Мало того, в конце августа Володя написал матери, чтобы та разрешила ему остаться у тёти Лизы хотя бы на этот год. Поначалу мать рассердилась, но когда Елизавета Валентиновна переговорила с нею по телефону, оттаяла и прислала по почте документы для школы и необходимые вещи.
Учился смышлёный парнишка неплохо, в основном на четвёрки и пятёрки.
В июне следующего года приехали Володина мама и отчим, приятный на вид и, как потом выяснилось, добрый незлобливый человек. Забрав мальчика, они втроём отправились отдыхать на Чёрное море.
Первое время Володя писал Елизавете Валентиновне часто. Сообщал о том, что тоскует, особенно по рыбалке. Что всё ещё мечтает поймать на удочку леща килограмма этак на полтора. Даже обещал в ближайшее время навестить столь полюбившихся ему тётю Лизу и дядю Диму. Потом писем стало приходить всё меньше и меньше. И, наконец, её почтовый ящик окончательно опустел. Что сталось с Володей впоследствии, она до сих пор не знает.

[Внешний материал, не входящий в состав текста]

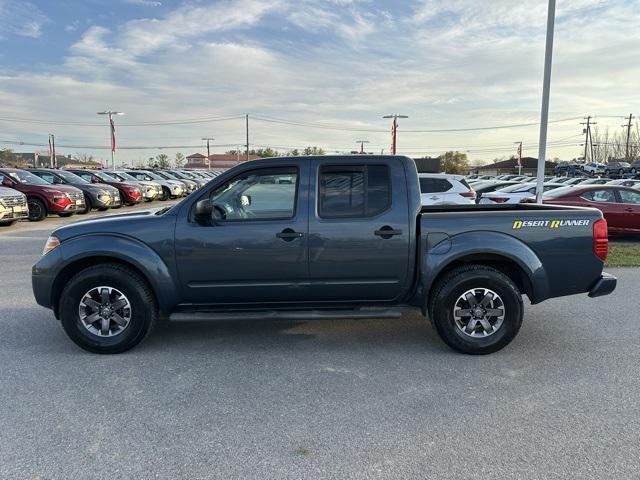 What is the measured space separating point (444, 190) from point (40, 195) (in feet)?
40.2

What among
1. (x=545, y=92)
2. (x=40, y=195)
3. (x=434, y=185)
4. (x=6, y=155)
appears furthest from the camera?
(x=6, y=155)

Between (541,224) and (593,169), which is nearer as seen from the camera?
(541,224)

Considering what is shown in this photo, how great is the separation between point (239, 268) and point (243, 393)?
3.74ft

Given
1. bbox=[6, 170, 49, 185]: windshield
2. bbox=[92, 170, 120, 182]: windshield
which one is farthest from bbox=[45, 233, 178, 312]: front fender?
bbox=[92, 170, 120, 182]: windshield

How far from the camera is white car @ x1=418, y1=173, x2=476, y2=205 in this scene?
11.2 meters

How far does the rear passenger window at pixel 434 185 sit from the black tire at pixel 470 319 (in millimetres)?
7516

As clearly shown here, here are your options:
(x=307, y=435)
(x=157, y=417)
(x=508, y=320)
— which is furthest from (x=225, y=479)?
(x=508, y=320)

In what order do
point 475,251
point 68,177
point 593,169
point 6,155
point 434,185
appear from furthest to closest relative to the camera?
point 6,155
point 593,169
point 68,177
point 434,185
point 475,251

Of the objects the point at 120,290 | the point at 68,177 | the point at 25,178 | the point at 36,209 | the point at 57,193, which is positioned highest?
the point at 68,177

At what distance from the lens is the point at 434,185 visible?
11.6 meters

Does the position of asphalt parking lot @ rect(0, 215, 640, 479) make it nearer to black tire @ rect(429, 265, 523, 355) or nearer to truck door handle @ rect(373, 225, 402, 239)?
black tire @ rect(429, 265, 523, 355)

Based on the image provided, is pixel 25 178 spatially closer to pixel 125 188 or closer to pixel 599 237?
pixel 125 188

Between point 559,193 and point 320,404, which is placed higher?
point 559,193

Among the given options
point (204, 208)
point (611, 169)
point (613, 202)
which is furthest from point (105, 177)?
point (611, 169)
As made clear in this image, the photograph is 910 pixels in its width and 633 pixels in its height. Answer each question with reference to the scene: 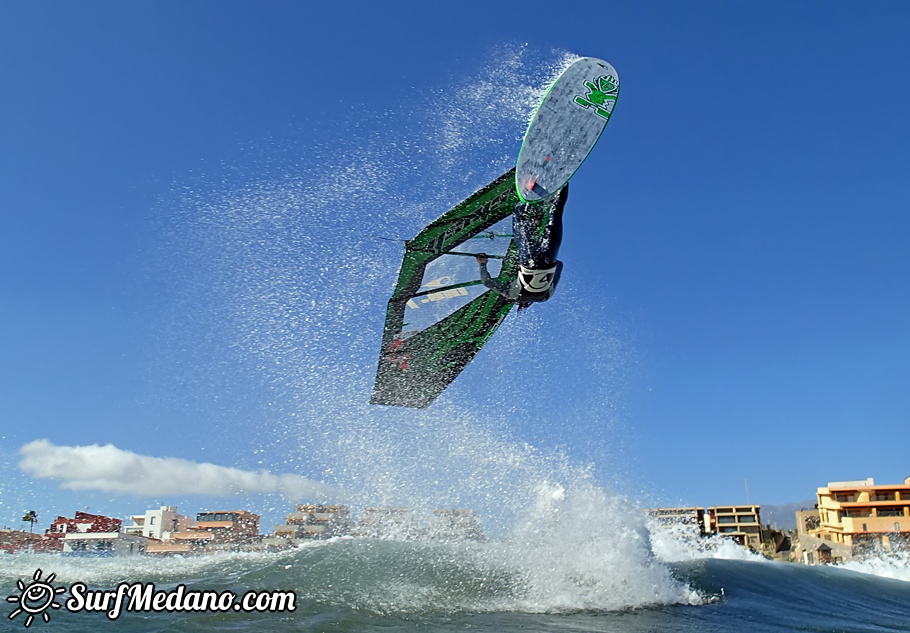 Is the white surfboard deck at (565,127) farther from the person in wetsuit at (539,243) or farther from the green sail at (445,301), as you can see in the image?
the green sail at (445,301)

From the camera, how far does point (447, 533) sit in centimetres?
1995

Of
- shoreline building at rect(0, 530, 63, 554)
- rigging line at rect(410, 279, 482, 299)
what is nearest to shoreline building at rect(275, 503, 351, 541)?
shoreline building at rect(0, 530, 63, 554)

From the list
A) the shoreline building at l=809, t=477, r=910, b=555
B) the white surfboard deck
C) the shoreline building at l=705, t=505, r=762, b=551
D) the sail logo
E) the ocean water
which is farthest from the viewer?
the shoreline building at l=705, t=505, r=762, b=551

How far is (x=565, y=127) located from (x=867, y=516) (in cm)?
5562

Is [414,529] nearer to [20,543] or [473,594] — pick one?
[473,594]

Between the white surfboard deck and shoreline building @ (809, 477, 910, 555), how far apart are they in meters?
53.2

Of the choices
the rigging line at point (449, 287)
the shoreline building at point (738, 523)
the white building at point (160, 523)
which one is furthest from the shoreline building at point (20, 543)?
the shoreline building at point (738, 523)

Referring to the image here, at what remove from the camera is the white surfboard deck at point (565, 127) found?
8.63 meters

Накинув лёгкий плащик, Елизавета Валентиновна вышла на улицу. Несмотря на первую декаду октября, в природе было комфортно. По-летнему тёплый ветер тут же подхватил её белокурые локоны и, как неуёмный котёнок, стал играть с ними. Вспомнив, что одна из немногих подруг сегодня тоже планировала поход в аптеку, она набрала её номер на мобильном. «Ну что ж... генеральная так генеральная... - выслушав ответ, спокойно произнесла Елизавета Валентиновна в трубку. А про себя подумала: - Такие уборки обязательно нужно делать. И не только в квартире. Любая душа порою также требует избавления от накопившейся в ней пыли и грязи». - Захлопнув створки аппарата, она аккуратно положила его в сумочку.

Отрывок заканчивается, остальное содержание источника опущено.